Currently, the possibility of effective use of long-acting cardioselective b-blockers (atenolol, concor) is being widely studied. There is a point of view that cardioselective b-blockers in patients with HCM do not have advantages over non-selective ones, because in large doses selectivity is lost. Recommended for use in patients with HCM with severe supraventricular and ventricular arrhythmias, sotalol combines the properties of non-selective b-blockers and class III antiarrhythmic drugs (cordarone-like effect).
The use of slow calcium channel blockers in HCM is based on reducing the level of free calcium in cardiomyocytes and leveling the asynchrony of their contraction, improving myocardial relaxation and reducing its contractility, and suppressing the processes of myocardial hypertrophy. Due to the greatest severity of the negative inotropic effect and the most optimal profile of pharmacological properties, the drug of choice is verapamil (isoptin, finoptin).
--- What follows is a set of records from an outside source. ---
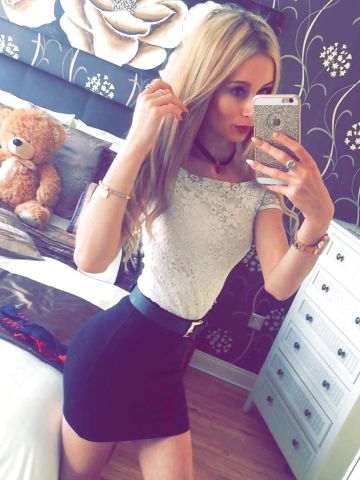 Нила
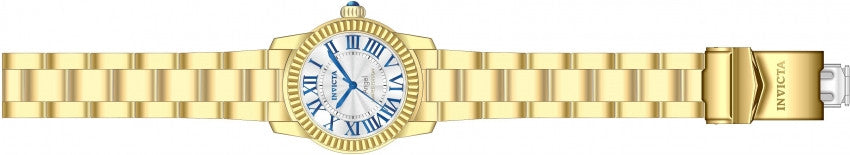 Image Band for Invicta CRUISELINE 21079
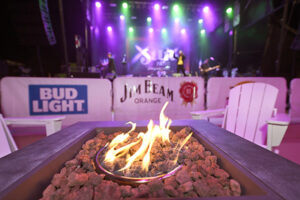 Mohegan Sun 2025 prompos and concerts in Uncasville, connecticut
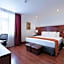 Terra Andina Hotel Cusco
It provides a symptomatic effect in 65–80% of patients, including cases of refractoriness to treatment with b-blockers, which is due to the ability of the drug to reduce myocardial ischemia, including painless, and improve its diastolic relaxation and LV compliance. This property of verapamil ensures an increase in patients' tolerance to physical activity and a decrease in the subaortic pressure gradient at rest, with a lower ability to reduce intraventricular obstruction during physical and emotional stress and provocation with isoproterenol compared to b-blockers. At the same time, verapamil reduces peripheral vascular resistance due to its vasodilator effect. However, severe complications of pharmacotherapy with verapamil develop in patients with non-obstructive HCM with high pressure in the left atrium, in whom they are caused by the negative inotropic effect of the drug. Hence, the importance of caution when starting treatment with verapamil in this category of patients is obvious.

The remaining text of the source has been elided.